Exercise objective |
Only the lines from the beginning of the data below through the line containing "Mini Pop H Stud Earrings Gold/Green" belong in the response, each copied exactly.

Material supplied |
============================================================
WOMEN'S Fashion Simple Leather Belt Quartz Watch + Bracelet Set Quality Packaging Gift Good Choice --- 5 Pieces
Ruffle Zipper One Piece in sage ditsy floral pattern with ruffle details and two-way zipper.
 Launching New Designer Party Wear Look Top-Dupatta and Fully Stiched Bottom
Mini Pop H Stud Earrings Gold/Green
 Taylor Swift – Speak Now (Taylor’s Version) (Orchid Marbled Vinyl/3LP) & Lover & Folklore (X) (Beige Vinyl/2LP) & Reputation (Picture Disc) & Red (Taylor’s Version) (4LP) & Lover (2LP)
============================================================
Your response |
WOMEN'S Fashion Simple Leather Belt Quartz Watch + Bracelet Set Quality Packaging Gift Good Choice --- 5 Pieces
Ruffle Zipper One Piece in sage ditsy floral pattern with ruffle details and two-way zipper.
 Launching New Designer Party Wear Look Top-Dupatta and Fully Stiched Bottom
Mini Pop H Stud Earrings Gold/Green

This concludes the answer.